Swift for Dummies

June 04, 2014

At WWDC 14, Apple introduced its new programming language: Swift. Nobody knows for sure what will happen to Objective-C, but one can only guess it won’t be around for long. My guess is that Apple will be accepting ObjC apps up till iOS 10, but that is just my guest.

By attending to the WWDC I had the opportunity of directly contacting Apple’s engineers and insights most of people couldn’t, so in the next posts I’ll cover the basics of Swift.

It doesn’t matter if you’re new to iOS or an experienced programmer. Now, we’re all in the same boat. We all have to learn Swift from scratch, so forget everything you know about Objective-C and get ready to learn this brand new language. By the way, its potential is overwhelming.

The basics

As far as I could tell, Swift borrows concepts from Python, Javascript and even Java. It’s syntax also resembles these languages very much.

You can forget about pointers for now, most of what we’ll be using in Swift is passed through references. No more asterisk (woohoo \o/).
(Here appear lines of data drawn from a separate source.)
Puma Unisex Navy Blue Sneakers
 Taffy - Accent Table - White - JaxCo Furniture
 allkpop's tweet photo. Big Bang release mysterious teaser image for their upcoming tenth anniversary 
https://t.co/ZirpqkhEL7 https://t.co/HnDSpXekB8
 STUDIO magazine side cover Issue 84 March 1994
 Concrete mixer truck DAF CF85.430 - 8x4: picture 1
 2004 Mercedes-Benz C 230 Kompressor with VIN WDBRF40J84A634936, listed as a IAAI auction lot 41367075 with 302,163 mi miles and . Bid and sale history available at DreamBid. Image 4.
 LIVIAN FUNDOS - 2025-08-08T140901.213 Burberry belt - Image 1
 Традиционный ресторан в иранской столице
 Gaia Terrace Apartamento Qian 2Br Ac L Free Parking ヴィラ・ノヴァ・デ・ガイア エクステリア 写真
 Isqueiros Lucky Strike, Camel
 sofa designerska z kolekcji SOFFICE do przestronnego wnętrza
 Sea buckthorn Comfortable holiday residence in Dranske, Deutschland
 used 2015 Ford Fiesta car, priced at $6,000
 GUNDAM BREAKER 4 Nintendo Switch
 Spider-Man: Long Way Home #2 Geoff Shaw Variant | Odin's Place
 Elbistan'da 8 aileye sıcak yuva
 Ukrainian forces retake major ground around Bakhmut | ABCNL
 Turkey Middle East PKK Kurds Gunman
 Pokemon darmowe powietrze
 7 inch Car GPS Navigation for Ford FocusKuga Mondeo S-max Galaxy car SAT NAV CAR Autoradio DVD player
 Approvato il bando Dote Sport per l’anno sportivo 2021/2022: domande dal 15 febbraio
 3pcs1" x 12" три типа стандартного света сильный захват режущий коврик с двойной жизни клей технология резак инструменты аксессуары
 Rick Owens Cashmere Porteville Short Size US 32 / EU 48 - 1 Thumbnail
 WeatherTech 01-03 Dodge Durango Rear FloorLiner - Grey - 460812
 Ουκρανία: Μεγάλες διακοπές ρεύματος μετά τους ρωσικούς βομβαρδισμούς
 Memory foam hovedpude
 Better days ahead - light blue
Swift plays with the concepts of variables and constants. There’s no type definition to neither of those just the declares var, for variables, and let for constants. As you may have figured out, constants can’t be altered. We’ll cover when to use it in a few steps.

var foo = "this is getting good"

let x = 42

Yep, there are no semi-colons at the end of statements.

Switches are extremely powerful. Cases can be variables, strings, even a range of numbers. Also, cases don’t automatically fall through the next condition, so there’s no need to break.

switch myvar {
    case 4:
        // do something

    case someOtherVar:
        // this is getting wild

    case "string":
        // holy cow!

    case 1..4:
        // ok, this is awesome
    default:
        // something unimplemented
}

There’s also no need for surrounding parenthesis when working with conditions, unless it’s a complex condition, as usual. Switches in Swift (yep, try saying that three times) are exhaustive. That means that you must either supply cases for every possible condition or a default to handle everything else. XCode will error at compile time if you don’t.

The final topic of this post is how you’ll print output to the console. It’s as simple as calling println() (it’s a function) and you’re done. Formatting strings is also awsome:

var name = "Flavio"

println("Hello \(name)!")
// Hello Flavio!

This is enough to get started and get familiar with Swift. Go ahead, poke it around, but don’t try to get fancy just yet. I’ll be covering more in the next few days.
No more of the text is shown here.